Not at all, if you 'want to know more about thermal solutions' you need to refer to the manual. In other words, dive deep.

Why can Intel not specify the max TDP on the website then and there?












						Intel® Core™ i9-10850K Processor (20M Cache, up to 5.20 GHz) - Product Specifications | Intel
					

Intel® Core™ i9-10850K Processor (20M Cache, up to 5.20 GHz) quick reference with specifications, features, and technologies.




					www.intel.com
				




And I already told you AMD has a similar responsibility, stop dodging, jesus christ.


----------



## Frick (Feb 5, 2021)

trickson said:


> OMG 9 pages and I can not figure out who is lying now!
> 
> I think YOU all are liars no one knows the truth, You can't handle the TRUTH.
> Watts and voltage and TDP who's lying to me???



Science.


----------



## lexluthermiester (Feb 6, 2021)

Isaac` said:


> your wrong he is actually right lol





cst1992 said:


> For my 4690k there is no Base Operating Frequency.
> I have set a Balanced power profile in Windows, which means, it goes down to 800MHz when in idle, and at 4.3GHz when on load, because those are the clocks I've set in the BIOS.
> The base frequency is 3.5, which of course I can set if I disable Turbo Boost, but I haven't and so it's just indicative. I could just force-set the multiplier to 28 in the BIOS and have it run at 2.8GHz, but that'd be a waste of a good chip.






newtekie1 said:


> Actually, the correct name for it is *Processor Base Frequency*.

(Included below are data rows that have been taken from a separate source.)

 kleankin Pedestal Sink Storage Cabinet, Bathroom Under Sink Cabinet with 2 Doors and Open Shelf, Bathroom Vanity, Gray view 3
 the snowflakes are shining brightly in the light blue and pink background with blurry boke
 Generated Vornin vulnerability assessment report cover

That depends on where you read it. However, base clock is NOT the same as operating frequency. 


newtekie1 said:


> If you are going to attempt(poorly) to correct someone do not embarrass yourself in the process.


How witty. 


newtekie1 said:


> You're post is just trolling and off topic at this point.

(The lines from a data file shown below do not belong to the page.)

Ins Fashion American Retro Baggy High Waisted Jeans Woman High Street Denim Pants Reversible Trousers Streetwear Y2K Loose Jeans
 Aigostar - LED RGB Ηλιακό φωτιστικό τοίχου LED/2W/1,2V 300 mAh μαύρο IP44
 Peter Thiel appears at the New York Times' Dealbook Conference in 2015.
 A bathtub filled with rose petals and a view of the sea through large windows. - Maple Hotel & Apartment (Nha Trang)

You need a refresher on the definition of "troll".

With Bill Bright on this one, I'm out.


----------



## Hachi_Roku256563 (Feb 6, 2021)

lexluthermiester said:


> That depends on where you read it. However, base clock is NOT the same as operating frequency.


the base clock 
is the clock that the cpu is def gonna hit
most likely in the worst scenarios ie
intel i5 in surface without fan thermal throttles  
BUT it wont go lower then the 1.10ghs base


----------



## lexluthermiester (Feb 6, 2021)

Isaac` said:


> the base clock
> is the clock that the cpu is def gonna hit


Incorrect. Base clock is the clock speed that is used to determine operating clock via multipliers. This is how CPU's are binned differently. Some can run higher and thus have a high multiplier. Example. My Xeon W3680 has a default multi of 25. So when the multiplier is applied to the base clock of 133mhz, it get's the base operating frequency of 3.33ghz because 133mhz x 25 = 3.3ghz. It can turbo faster and it down-clocks lower, and it does so by dynamically changing the multiplier. The base clock always stays the same, 133mhz.


----------



## 80-watt Hamster (Feb 6, 2021)

lexluthermiester said:


> Incorrect. Base clock is the clock speed that is used to determine operating clock via multipliers. This is how CPU's are binned differently. Some can run higher and thus have a high multiplier. Example. My Xeon W3680 has a default multi of 25. So when the multiplier is applied to the base clock of 133mhz, it get's the base operating frequency of 3.33ghz because 133mhz x 25 = 3.3ghz. It can turbo faster and it down-clocks lower, and it does so by dynamically changing the multiplier. The base clock always stays the same, 133mhz.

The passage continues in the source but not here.